Hard times... Irish find comfort in soup kitchen

Image caption A Galway soup kitchen offers help in harsh times

Times are hard in Ireland - but the country still has heart.

Off a side street in the west coast city of Galway is one of a growing number of new eateries in the Republic... the charity soup kitchen.

In the Twist Soup kitchen, Keith Daly has just finished a plate of beef stew.

"I just find it hard at the moment, I had painting and decorating work three years ago on building sites, but it's all gone now.

"I have nothing and basically this place has been a lifeline for me, I come here to get help with food."

The charity kitchen offers free food to those who cannot afford to pay: those who can afford it are asked to make a donation.

Supporters of the venture are asked to pay too.

Sitting at the next table in the cafe in Galway's Queen Street is Kieran Coneely.

Until recently the 42-year-old never thought he would need the services of a soup kitchen.

"Never, ever did I think I'd need to come to such a place.

"But now, I've lost jobs, lost my family, lost houses, I've lost everything and I have nothing else to do.

"This is the only place I meet people that are in the same boat as me, that are stuck."

The soup kitchen is run by a former helicopter pilot, Oliver Williams, who once needed similar help while homeless in London in the 1980s.

"I was only 15 and I ended up going into a place called Centrepoint in Soho.

"They took me in and gave me a meal and a bed and some good advice and put me on the right track, when I could have ended up on the wrong track.

'Giving back'

"I was fortunate, and I always said I would do the same some day in my own country, as a way of giving something back."

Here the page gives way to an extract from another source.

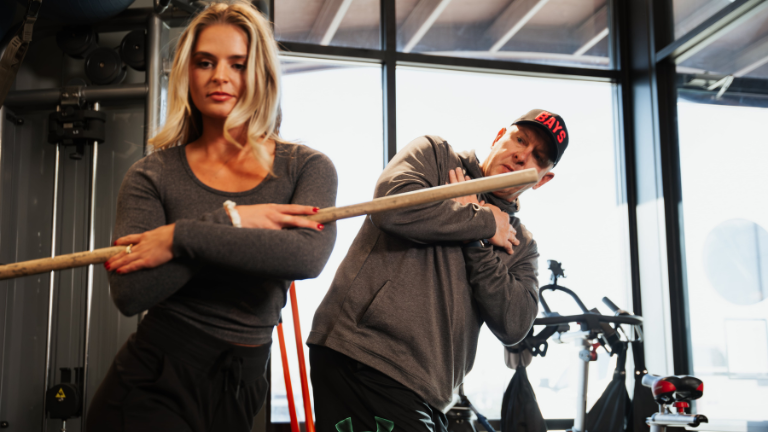A TPI-certified fitness lesson at The Swing Bays indoor golf franchise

A recent report, commissioned by the Dublin government, found that 10% of people in the Republic of Ireland are living in food poverty.

"What surprises me the most is the type of people that come in to see me," explains Oliver Williams.

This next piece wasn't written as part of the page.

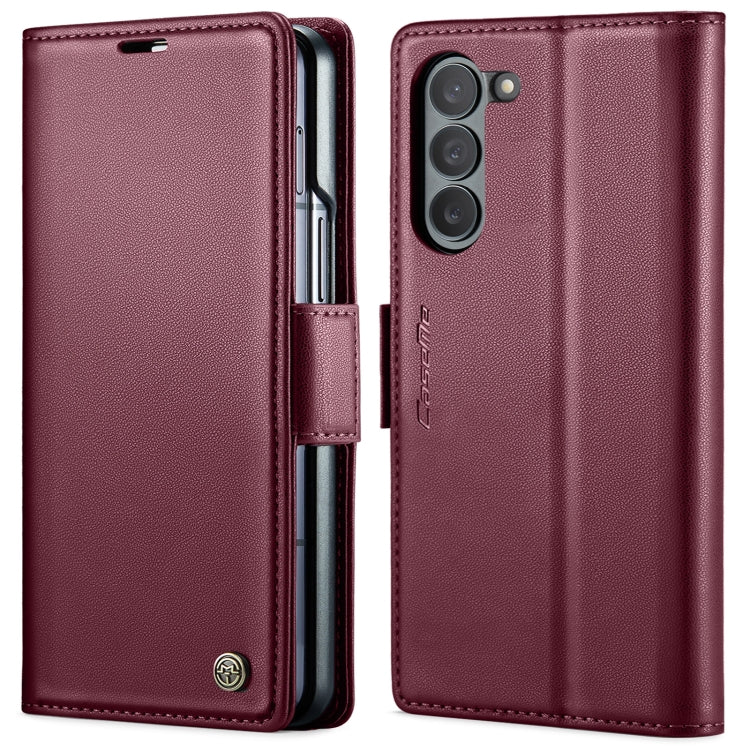 CaseMe 023 Butterfly Buckle Litchi Texture RFID Anti-theft Leather Phone Case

"Ordinary family people that have fallen on hard times and can't afford to make ends meet."

The trend in Galway, like many towns across the Republic, is for businesses to close.

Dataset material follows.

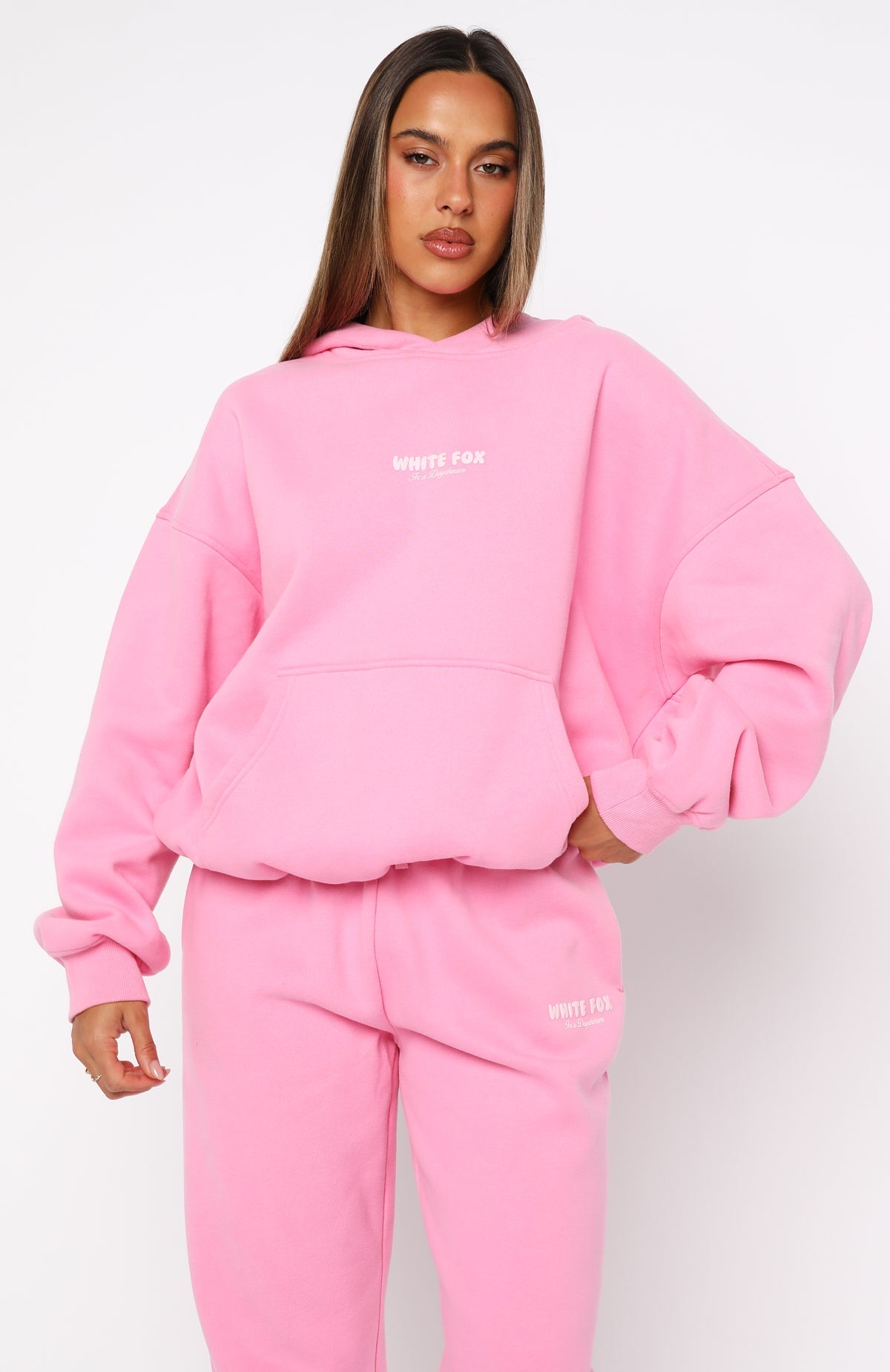Daydreamers Nadia Oversized Hoodie BubblegumXXS/XS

Soup kitchens however buck the trend.

And the town of Athlone, situated some 100km (60 miles) east of Galway, is where Oliver Hayes will next week open another soup kitchen.

"I'd love to see this place closing down, but that's not going to happen," says Oliver Williams.

"In Galway we are feeding on average 85 people a day, but the numbers are rising slowly and I think we will be busier in Athlone."

Kieran Coneely remains hopeful that he will find work.

"In the next couple of years I hope to God I get back on track."

"Get a job, see my kids, get my own place, I don't know if it will happen. I'm living every day as it comes."